Ölüm o kadar gerçek bir olay ki bu gerçeği vefatlarına şahit olduğumuz yakın akraba ve dostlarımızın bizi her terk edişindeki acılarda hissediyor, anlıyor ve görebiliyoruz.
Kimi bu gerçeğe yitirdiği eşinde, kimi yitirdiği evladında, kimi yitirdiği kardeşinde, kimi yitirdiği anne babasında ve kimi de yitirdiği dostlarının kaybında şahit olmaktadır.
Bir yerde ölüm, onu tadan için geride kalan bir merhale iken onu tatmayanlar içinse daha varılmayan fakat gelmesi mukadder bir merhaledir. Ölüm mutlak gerçekleşecekse bu merhalede nelerin olup bittiğinin iyi bilinmesi gerekir. Ancak kimi, çözümü ölümden sonraki hayatı ret ederek kısmi bir rahatlık elde etmede bulsa da, insanların ekserisi ölümü, sonsuz hayatın başlangıcı olarak kabul ettiği bu girift bilmecenin çözümünü ölümden sonraki hayata hazırlanmakta bulmaktadır.
Allah rahmet eylesin. Mekânı cennet olsun tüm ölülerimizin. Ecel bu. Ömrün gelip dayandığı son ve geçilmez sınırı. Bir âlimimiz der ki dünyada ev sahibi gibi yaşamayın, kiracı gibi yaşayın ki dünyayı terk etmek zor olmasın.
Her ölüm hele hele böyle tanıdığımız eş, evlat, kardeş, anne-baba ve yakın dostlardan müteşekkil kimselerin ölümüyse biz gibi hala yaşayanlar için büyük ibretler içerir.
51 yaşında ölen bir babanın şu an yaşayan evladıyım. Daha sonra ölümüyle beni sarsan nice akraba ve dost ölümleri oldu. Hele hele vaki ölümler yaşıtların arasında olursa hayat muhasebesinde insan, daha derin sayfaların mana dolu satırlarında buluyor kendisini. Yıllar önce eşini yitiren liseden sınıf arkadaşım Ahmet Duran AYDIN. Üç öksüz çocukla başbaşa kalışını bilirim. Yine lise arkadaşım Mehmet AKNAR, geçen yıl yitirmişti eşini. Daha acısına biz dostları dahi alışamamışken bu bayramdan iki gün önce yine eşini yitiren lise döneminden Tahir ÇELEBİ’nin yaşadığı acının haberiyle sarsılıverdik. Ecele inancımız tam olsa da her ölüm erken gelir biz insanoğluna.

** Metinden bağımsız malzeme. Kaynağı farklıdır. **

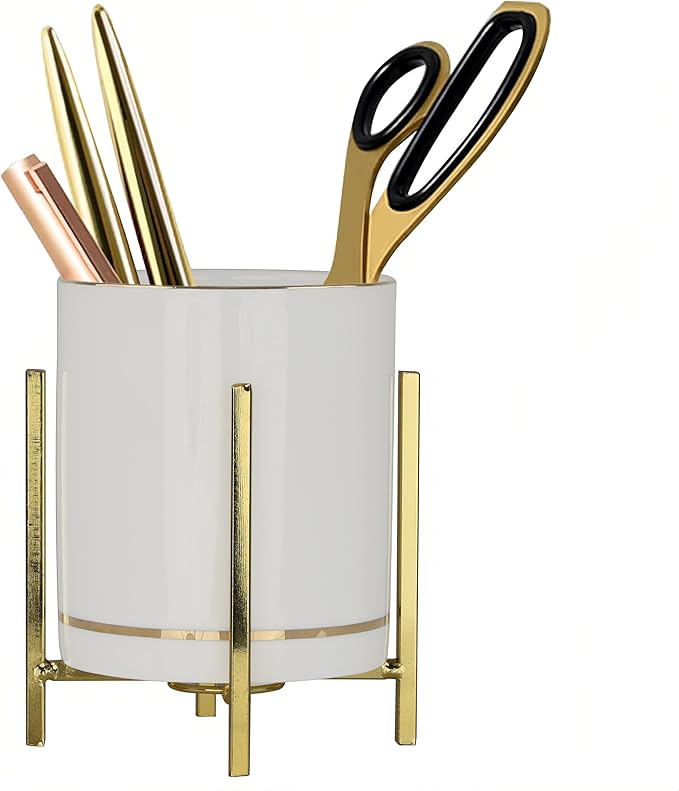 Gold Pen Holder for Desk Aesthetic, Ceramic Pencil Cup with Metal Legs, Makeup Cup for Brushes, Desk Decor for Women Girls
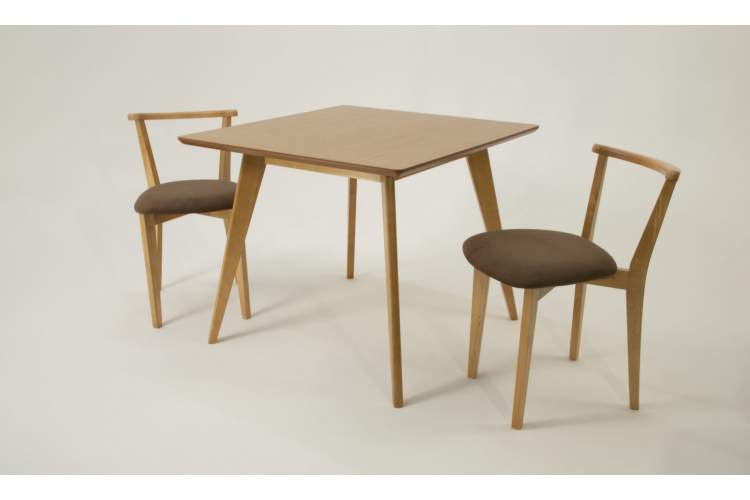 Стол Сканди М 100 натур со стульями Франк натур велюр коричневый-1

İbretlerle doludur her ölüm olayı.
Cenaze törenlerine katılmayanımız yoktur. En yakınımız için de kabre konuş ve yapılan telkinle sona eren programın her aşamasında bulunuruz. O anda neler düşünülmez ki... O anki düşüncelerimizin kaynağı, ölüm olayıdır. Onun için ölüm olayı başlı başına bir vaazdır diyoruz; hem de kelamsız, hitabetsiz ve sessiz bir vaaz. O vaazın gür sesini kabir başında bulunan herkes, içinde en yüksek tınısıyla ve ruhunu patlatırcasına; en korkutucusu da bu dinleyişin dayanılmaz bir işkence haline gelmesidir.
Ölümün dirileri etkileyici vaazı herkesin kabri terk edişine kadardır. Camilerdeki vaazın etkisi de camide kalındığı müddetçe değil mi? Konferansların etkisi de böyle, okullarda verilen dersler de...
Yine de önemli olan bir an da olsa etkileyici bir bilginin ardını bırakmamaktır.
Bunu bir öğrencinin başarı hikâyesi daha güzel açıklar:
Biliriz ki öğrencilerin başarısının temelinde öğrencinin okul dışında sınıfta öğrendiklerini pekiştirme faaliyeti yer alır. Öğrenilen her bilginin kalıcı olmasında sonrasındaki kafa yormaların çok faydası vardır çünkü.
Ölüm vaazındaki bir anlık etkinin devamı o vaazın gereklerini yerine getirmekle ancak mümkün olur; unutmakla değil.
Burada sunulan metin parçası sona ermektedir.